I can imagine a large number of dashes being useful for crates autogenerated from some API. For example, the Google API crates use the format google-foobarbaz but they could easily have picked google-foo-bar-baz, and the google-cloudprivatecatalogproducer1_beta1-cli could easily have been google-cloud-private-catalog-producer-1_beta1-cli, which reaches 7 separators.

1 Like

I don't think this will ever go away completely. If I want to specify some features of the dependency or use it from a local path, I would rather type it in Cargo.toml than try to figure out what args I should pass to cargo add to get the desired result. I already need to remember the manifest keys because I need to read Cargo.toml, and I don't want to remember another interface for the same thing. That said, smarter auto-completion of crate names in IDEs should help a lot.

Another problem is that cargo creates an implicit feature for every dependency, so the dependency's name may appear in cfg attributes or --features command line argument. Should cargo allow all variants of the name in these places as well?

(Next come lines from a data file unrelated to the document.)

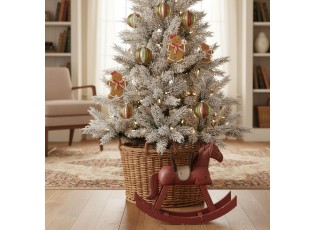 Červená antik dekorace houpací koník - 39*12*33 cm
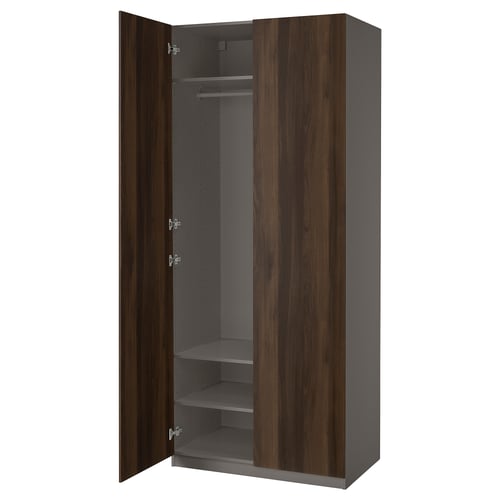 PAX / STORKLINTA تشكيلة دولاب ملابس., رمادي غامق/بني غامق مظهر سنديان مصبوغ, 100x60x236 سم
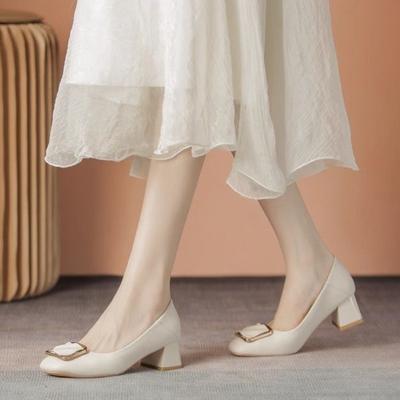 Autumn Temperament Women's Shoes Soft Leather Middle Heel Square Buckle with Skirt Thick Heel Square Head Soft Sole Comfortable Single Shoes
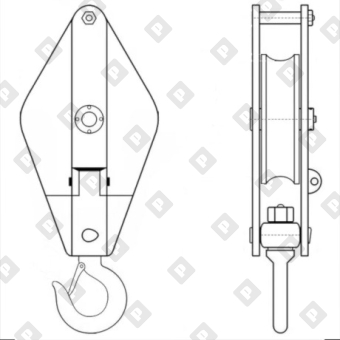 Блок одинарный монтажный грузовой HQGK с крюком, г/п 0.5т - №2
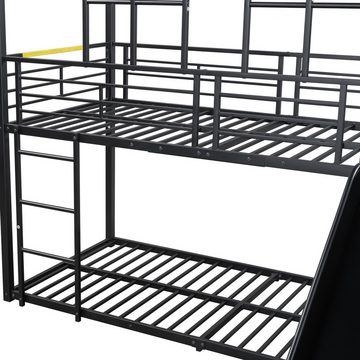 HAUSS SPLOE Etagenbett 90*200cm Eisenrahmenbett, ausgestattet mit Rutsche, schwarz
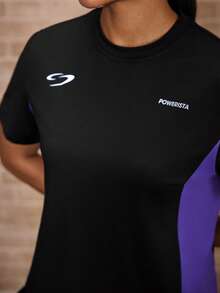 Powerista Women's Summer&Spring Fitness Sportswear Black And Purple Contrast Color Print Breathable Fabric Fit Football Sports Short Sleeves - Black - View 6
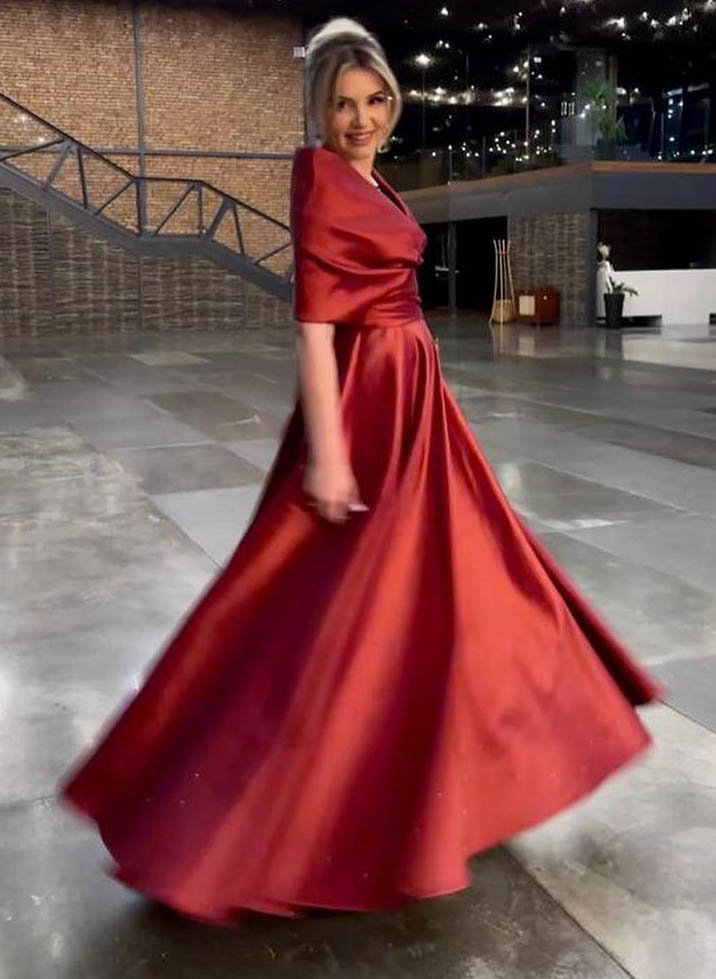 A Line Princess V Neck Mother Of The Bride Dresses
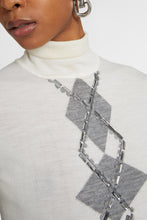 Load image into Gallery viewer, Merino wool top with argyle motif and baguette crystals
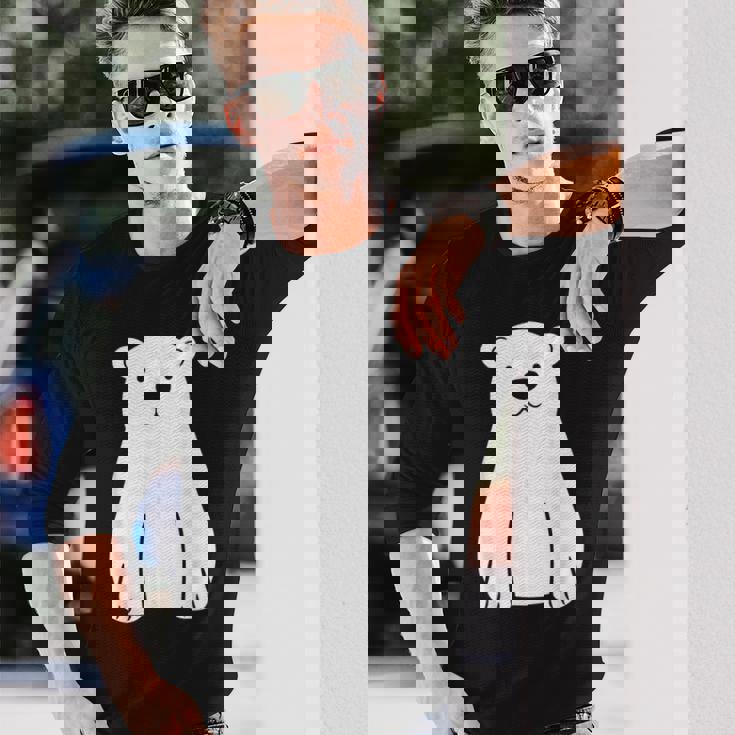 小さなシロクマ かわいいミニマリスト シンプルなシロクマ 長袖Tシャツ 彼への贈り物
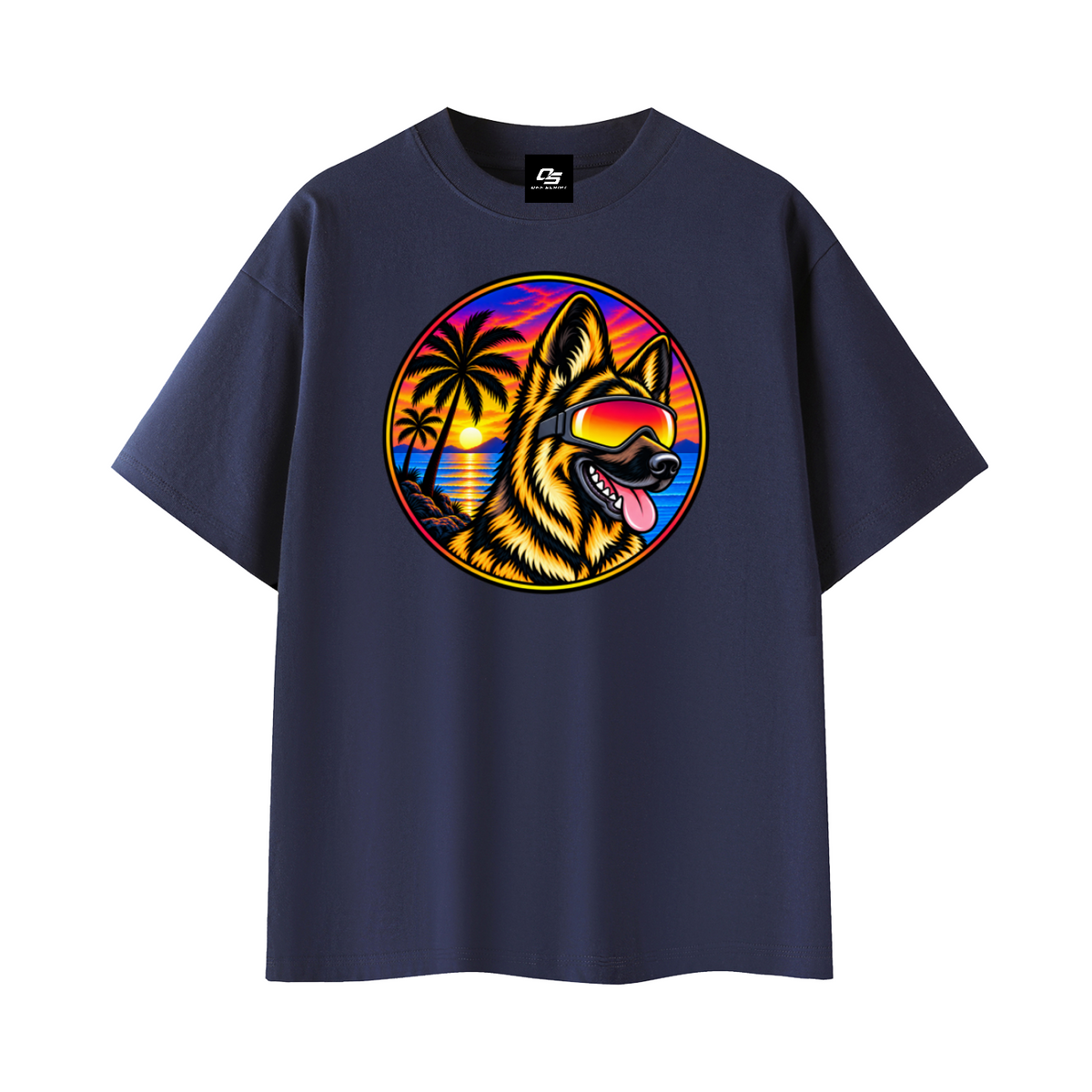German Shepherd Sunset Graphic T-Shirt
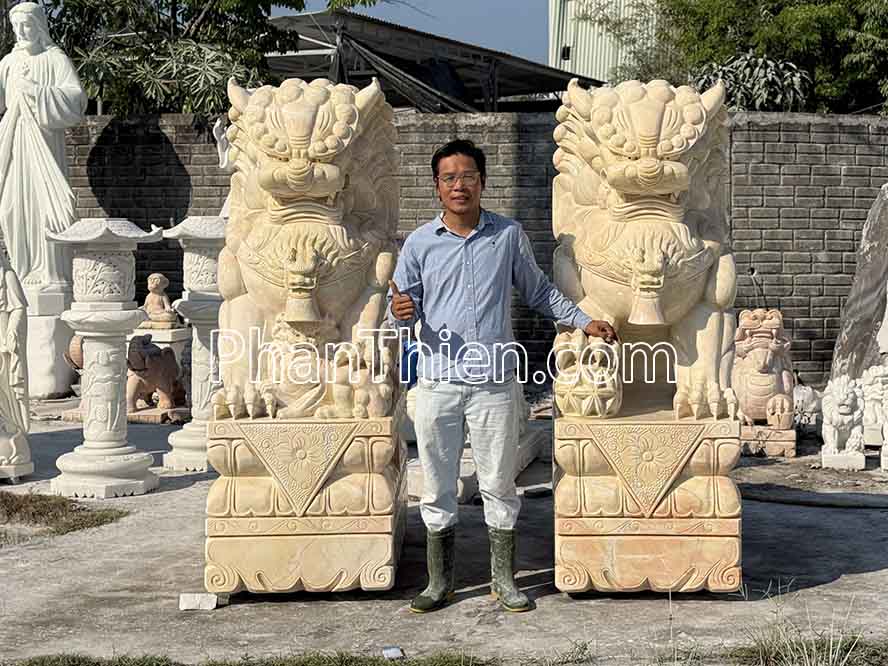 Tượng Kỳ Lân bằng đá Cà rốt tự nhiên 190cm - KL-84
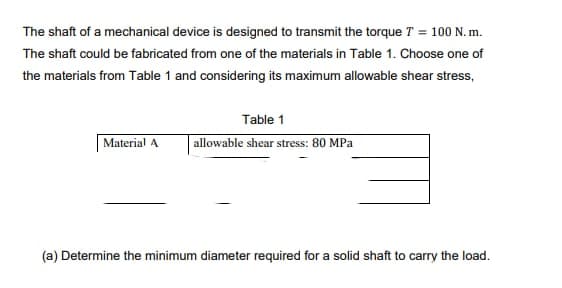 The shaft of a mechanical device is designed to transmit the torque T = 100 N. m.
The shaft could be fabricated from one of the materials in Table 1. Choose one of
the materials from Table 1 and considering its maximum allowable shear stress,
Table 1
Material A
allowable shear stress: 80 MPa
(a) Determine the minimum diameter required for a solid shaft to carry the load.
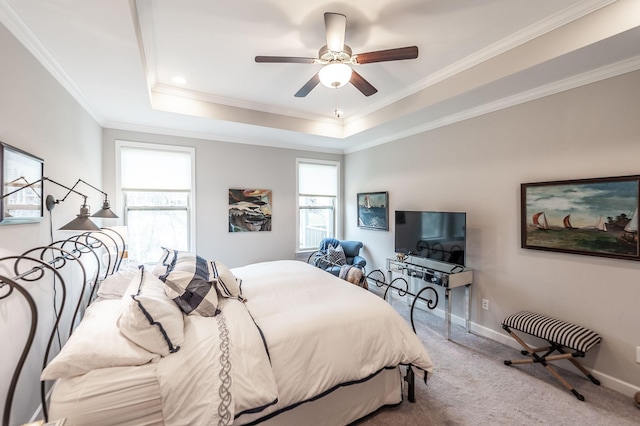 2044 Albatross Way, Gallatin, TN 37066 - carpeted bedroom with a tray ceiling, ornamental molding, and a ceiling fan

The current situation is very unfortunate, and I would love to see even a small improvement like this RFC. And I agree that it's not worth trying to overcome the disagreement about the proper canonical separator right now.

3 Likes

The crates.io trie is implemented in a limited way. It has only 2 levels of directories distinguishing the first 4 characters (and special cases for crates with 3 character names and less). That means you can't use the trie structure beyond the first 4 characters to speed up your search: after that you can only list all crates having the same first 4 letters as the one you are inquiring about, or you can test. Both are non-scalable approaches.

Yes, if the trie got extended to go deeper than just 2 levels the problem would be solved. That's a good point and I haven't thought about it. But note that the 2 level format is currently hardcoded in cargo, so there are backwards compatibility concerns.

It is a problem, because it is possible that there will be malicious actors who will exploit this, for example for DoS attacks.

The only real solution is to get rid of the brute force search: Create an internal index where all hyphens and underscores are substituted with a single character. This will allow constant-time lookup.

The problem is that this is incompatible with the current crate index format, and I agree with @kornel that this format should be deprecated and replaced with something that scales better:

I do not believe that real users will ever have enough underscores and hyphens in their crate names that the exponential look up could matter. This discussion is a misapplication of resources.

2 Likes

Users can already perform DOS attacks by sticking infinite loops in build.rs. If you don't trust your dependencies this is not a new problem. The only problem space is if users can introduce problems for non malicious crates by publishing similarly named crates.

The crates.io database can key on a normalized name and store the canonical name alongside it.

The only potential problem is people publishing crates that have a similar normalized name to existing crates, and that's only a problem if the following two things are true:

  • the registry index trie is deep (it's not, though it could be)
  • the user is allowed to autopublish an exponential number of crates (they're not)

In the current universe the worst case is "you have to search through all crates in a trie leaf", which if the trie gets in a state where this is actually a large number, we can always add more levels.

And this whole thing is predicated on non malicious crates existing that have more than six separators.

As boats said, this is a non problem, let's move along.